Recorded data START
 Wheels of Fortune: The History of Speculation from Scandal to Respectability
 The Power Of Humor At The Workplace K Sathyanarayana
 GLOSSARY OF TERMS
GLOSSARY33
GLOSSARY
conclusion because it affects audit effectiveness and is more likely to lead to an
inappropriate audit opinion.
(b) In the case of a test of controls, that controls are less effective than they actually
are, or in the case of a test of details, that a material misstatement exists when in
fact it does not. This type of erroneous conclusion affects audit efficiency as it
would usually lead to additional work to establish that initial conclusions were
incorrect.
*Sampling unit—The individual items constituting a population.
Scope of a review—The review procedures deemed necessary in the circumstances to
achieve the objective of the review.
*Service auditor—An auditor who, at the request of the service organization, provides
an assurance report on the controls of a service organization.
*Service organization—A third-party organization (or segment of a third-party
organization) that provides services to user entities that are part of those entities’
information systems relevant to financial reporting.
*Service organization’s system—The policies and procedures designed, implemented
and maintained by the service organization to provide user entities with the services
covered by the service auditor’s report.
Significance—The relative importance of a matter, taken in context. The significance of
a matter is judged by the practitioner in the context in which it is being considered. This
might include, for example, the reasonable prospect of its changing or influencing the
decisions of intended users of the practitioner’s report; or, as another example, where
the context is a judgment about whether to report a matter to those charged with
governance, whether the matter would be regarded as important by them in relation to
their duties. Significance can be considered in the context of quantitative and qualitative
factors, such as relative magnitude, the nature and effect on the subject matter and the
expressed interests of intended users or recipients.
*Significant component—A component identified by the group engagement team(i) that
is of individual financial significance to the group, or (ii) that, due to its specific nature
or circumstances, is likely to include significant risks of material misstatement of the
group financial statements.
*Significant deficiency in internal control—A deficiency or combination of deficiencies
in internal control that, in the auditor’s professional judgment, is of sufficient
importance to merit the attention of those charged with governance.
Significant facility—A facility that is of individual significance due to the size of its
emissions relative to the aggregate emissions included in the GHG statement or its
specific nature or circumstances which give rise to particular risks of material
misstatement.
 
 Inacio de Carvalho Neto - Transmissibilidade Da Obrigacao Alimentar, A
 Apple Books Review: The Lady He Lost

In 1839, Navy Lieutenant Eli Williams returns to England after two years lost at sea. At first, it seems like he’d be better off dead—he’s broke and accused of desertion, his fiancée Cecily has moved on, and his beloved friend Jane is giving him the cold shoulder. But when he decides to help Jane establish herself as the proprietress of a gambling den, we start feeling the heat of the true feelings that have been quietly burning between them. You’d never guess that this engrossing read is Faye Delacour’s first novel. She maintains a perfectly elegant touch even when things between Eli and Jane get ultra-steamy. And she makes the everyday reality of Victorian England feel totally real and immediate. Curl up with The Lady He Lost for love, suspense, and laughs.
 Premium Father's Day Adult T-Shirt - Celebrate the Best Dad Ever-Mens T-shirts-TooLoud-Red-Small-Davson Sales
Recorded data END
Above are the records; from them, give again exactly the lines from the one containing "Scope of a review—The" through the one containing "their duties. Significance", both included.

Scope of a review—The review procedures deemed necessary in the circumstances to
achieve the objective of the review.
*Service auditor—An auditor who, at the request of the service organization, provides
an assurance report on the controls of a service organization.
*Service organization—A third-party organization (or segment of a third-party
organization) that provides services to user entities that are part of those entities’
information systems relevant to financial reporting.
*Service organization’s system—The policies and procedures designed, implemented
and maintained by the service organization to provide user entities with the services
covered by the service auditor’s report.
Significance—The relative importance of a matter, taken in context. The significance of
a matter is judged by the practitioner in the context in which it is being considered. This
might include, for example, the reasonable prospect of its changing or influencing the
decisions of intended users of the practitioner’s report; or, as another example, where
the context is a judgment about whether to report a matter to those charged with
governance, whether the matter would be regarded as important by them in relation to
their duties. Significance can be considered in the context of quantitative and qualitative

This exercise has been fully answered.